L'area sacra si trova a meno di 1 km a O dell'abitato, e consiste dei resti di quattro templi, aperti verso E, di epoca gupta (parzialmente ripresi in epoca medievale) con immagini di Viṣṇu e di suoi avatāra la cui pertinenza alle singole strutture è problematica, di un toraṇa o portale di accesso, e di un Garuḍastaṃbha. L'impianto del santuario riflette probabilmente un coerente programma cultuale del V sec. d.C., anche se la prima testimonianza archeologica è un'iscrizione su arenaria di Samudragupta (c.a 345-380 d.C.), il massimo sovrano della dinastia Gupta. È la sola a lui riferibile oltre alla famosa eulogia di Prayāga (Allahabad); oltre al nome del luogo, Airikiṇa, attestato anche su alcune monete, essa ricorda già la costruzione di un tempio dedicato a Janārdana, identificato con Visnu. L'area sacra ha esclusivo carattere visnuita, in accordo con i presupposti politico-ideologici dei sovrani e feudatari gupta, al cui patrocinio fu dovuta, tesi ad affermare un tipo di egemonia politica coincidente con l'ortodossia neo-brahmanica rappresentata sul piano religioso dal visnuismo.

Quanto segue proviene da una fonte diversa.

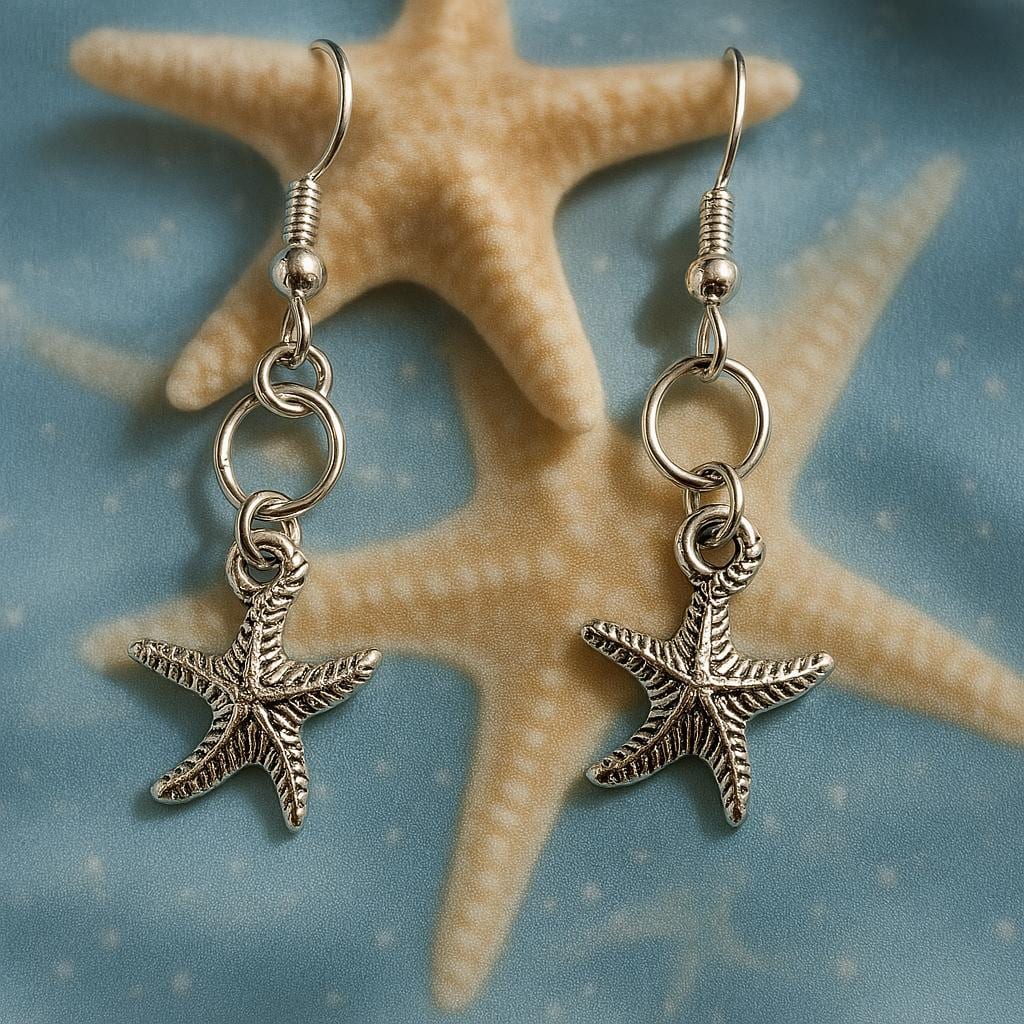 Silver Sea Animal Earrings – Handmade Ocean-Inspired Jewelry, Dolphin, Turtle, Starfish Charms, BoutiqueByCheryl Gift for Her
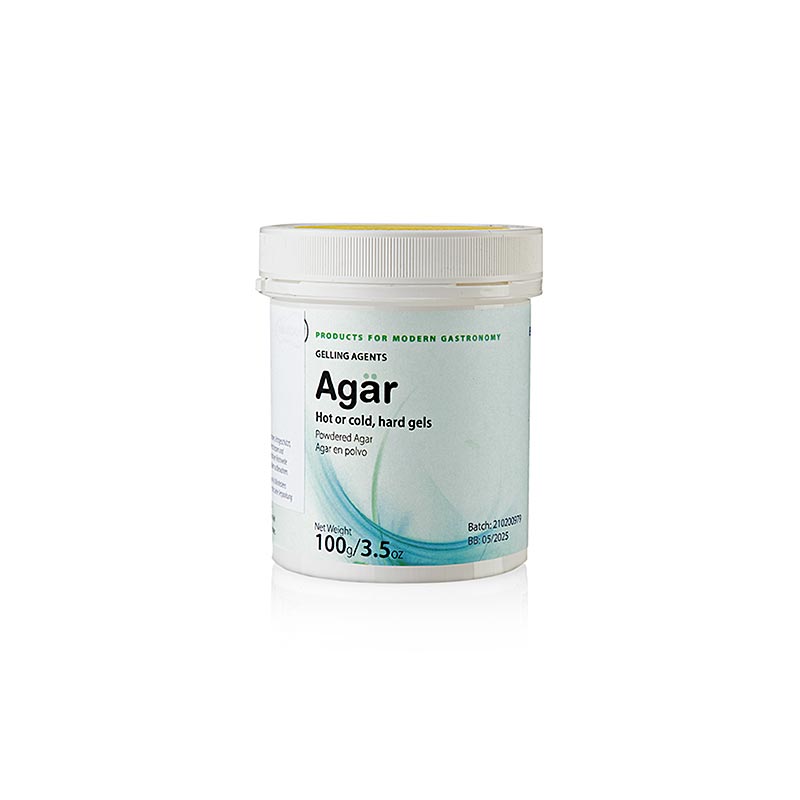 Gros plan de l'emballage du produit TÖUFOOD AGÄR gélifiant agar agar 100 g sur fond blanc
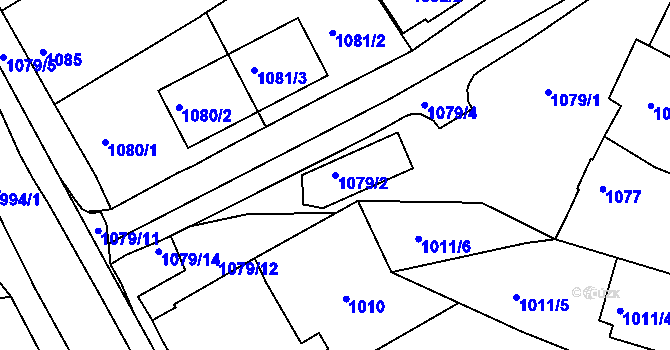 Parcela st. 1079/2 v KÚ Mutěnice, Katastrální mapa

La scultura più antica del sito risale agli inizi del V sec. ed è quella di Narasimha, l’avatāra in forma di uomo-leone che dilania il mitico re Hiränyakasipu (scivaita, secondo una tradizione) - un'iconografia legata ad ambiente kṣatriya; agli anni 450-480 è attribuita l'imponente immagine nimbata di Viṣṇu a quattro braccia, alta più di 4 m, con la tipica, alta corona e lunga ghirlanda (vanamālā); agli anni 470-485 sembra datare l'immagine antropomorfa di Varāha (ora nel Museo dell'Università di Sagar), una delle più belle sculture indiane, rappresentante il dio che in forma di cinghiale trae dall'abisso la Terra raffigurata come una giovane donna aggrappata a una delle sue zanne. Questa particolare iconografia, diffusasi in epoca gupta e post-gupta a partire dagli anni intorno al 400 d.C. (si consideri il grande rilievo rupestre di Udayagiri presso Vidiṣā), è strettamente legata alla committenza regale, che fonda un'equivalenza tra mito cosmogonico (il cinghiale che fa emergere la Terra dal caos) e sovranità ortodossa (il sovrano che riporta l'ordine sulla terra già retta da lignaggi; e dinastie eterodosse).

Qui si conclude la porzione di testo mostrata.